Lesson 3. Canopy Height Models, Digital Surface Models & Digital Elevation Models - Work With LiDAR Data in Python


Learning Objectives

After completing this tutorial, you will be able to:

  • Define Canopy Height Model (CHM), Digital Elevation Model (DEM) and Digital Surface Model (DSM).
  • Describe the key differences between the CHM, DEM, DSM.

As you learned in the previous lesson, LiDAR or Light Detection and Ranging is an active remote sensing system that can be used to measure vegetation height across wide areas.

If the data are discrete return, Lidar point clouds are most commonly derived data product from a lidar system. However, often people work with lidar data in raster format given it’s smaller in size and thus easier to work with. In this lesson, you will import and work with 3 of the most common lidar derived data products in Python:

  1. Digital Terrain Model (or DTM): ground elevation.
  2. Digital Surface Model (or DSM): top of the surface (imagine draping a sheet over the canopy of a forest
  3. Canopy Height Model (CHM): the elevation of the Earth’s surface - and it sometimes also called a DEM or digital elevation model.

3 Important Lidar Data Products: CHM, DEM, DSM

Lidar derived DSM, DTM and CHM.
Digital Surface Model (DSM), Digital Elevation Models (DEM) and the Canopy Height Model (CHM) are the most common raster format lidar derived data products. One way to derive a CHM is to take the difference between the digital surface model (DSM, tops of trees, buildings and other objects) and the Digital Terrain Model (DTM, ground level). The CHM represents the actual height of trees, buildings, etc. with the influence of ground elevation removed. Graphic: Colin Williams, NEON

Digital Elevation Model

In the previous lesson, you opened and explored a digital elevation model (DEM). The DEM, also known as a digital terrain model (DTM) represents the elevation of the earth’s surface. The DEM represents the ground - and thus DOES NOT INCLUDE trees and buildings and other objects.

In this lesson, you will explore Digital Surface Models (DSM) and will use the DEM and the DSM to create a canopy height model (CHM).

# open raster data
lidar_dem = rio.open('data/colorado-flood/spatial/boulder-leehill-rd/pre-flood/lidar/pre_DTM.tif')
lidar_dem_im = lidar_dem.read(masked=True)
bounds = lidar_dem.bounds

# Reshape the bounds into a form that matplotlib wants
bounds = [bounds.left, bounds.right, bounds.bottom, bounds.top]

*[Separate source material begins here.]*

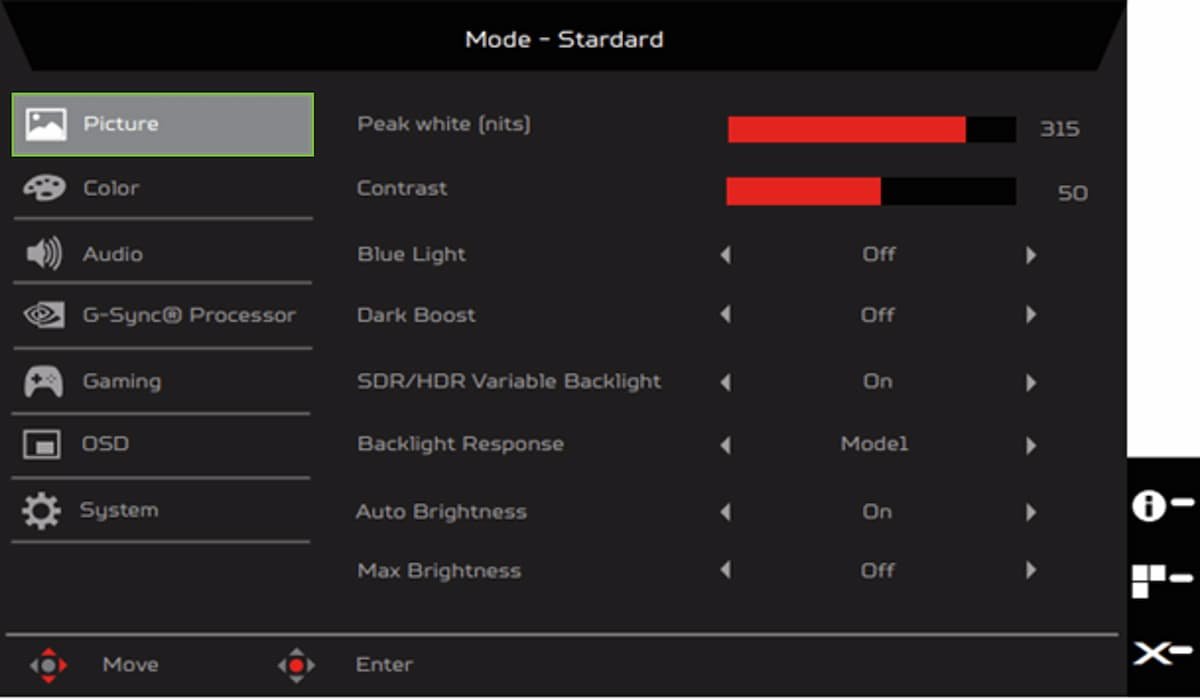 How do I adjust the brightness on the Acer monitor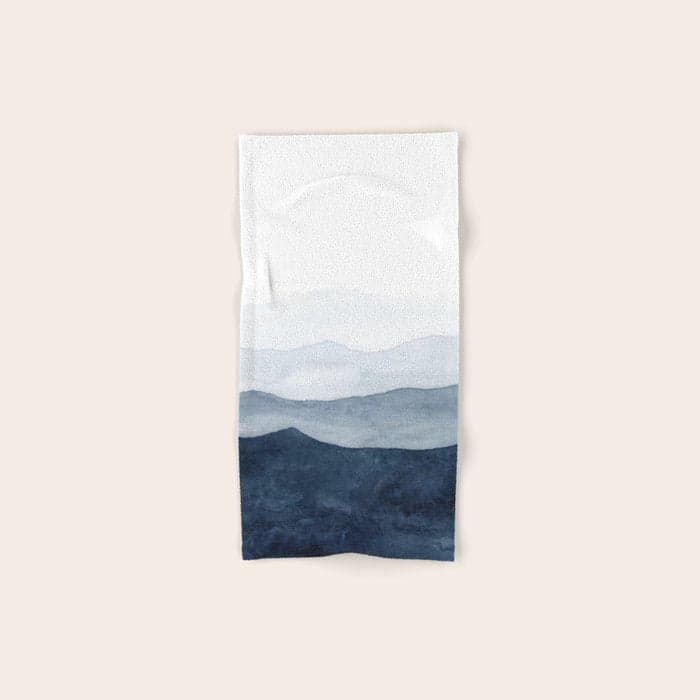 Indigo Abstract Watercolor Mountains Bath Towel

fig, ax = plt.subplots(figsize=(10, 10))
fin_plot = ax.imshow(lidar_dem_im[0], cmap='viridis')
ax.set_axis_off()

# scale color bar to the height of the plot
divider = make_axes_locatable(ax)
cax = divider.append_axes("right", size="3%", pad=0.15)
fig.colorbar(fin_plot, cax = cax)
ax.set_title("Lidar Digital Elevation Model (DEM)", 
             fontsize = 16);
Raster plot of a lidar DEM.
Raster plot of a lidar DEM.

Import digital surface model (DSM)

Next, let’s open the digital surface model (DSM). The DSM represents the top of the earth’s surface. Thus, it INCLUDES TREES, BUILDINGS and other objects that sit on the earth.

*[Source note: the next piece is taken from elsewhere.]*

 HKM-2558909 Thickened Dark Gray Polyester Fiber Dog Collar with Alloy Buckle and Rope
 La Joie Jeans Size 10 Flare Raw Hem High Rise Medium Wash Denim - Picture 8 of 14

Raster plot of a Lidar DSM.
Raster plot of a Lidar DSM.

Canopy Height Model

The canopy height model (CHM) represents the HEIGHT of the trees. This is not an elevation value, rather it’s the height or distance between the ground and the top of the trees (or buildings or whatever object that the lidar system detected and recorded).

Some canopy height models also include buildings, so you need to look closely at your data to make sure it was properly cleaned before assuming it represents all trees!

Calculate difference between two rasters

There are different ways to calculate a CHM. One easy way is to subtract the DEM from the DSM.

DSM - DEM = CHM

You will learn how to subtract rasters in the subtract raster lesson.

Raster plot of a Lidar canopy height model.
Raster plot of a Lidar canopy height model.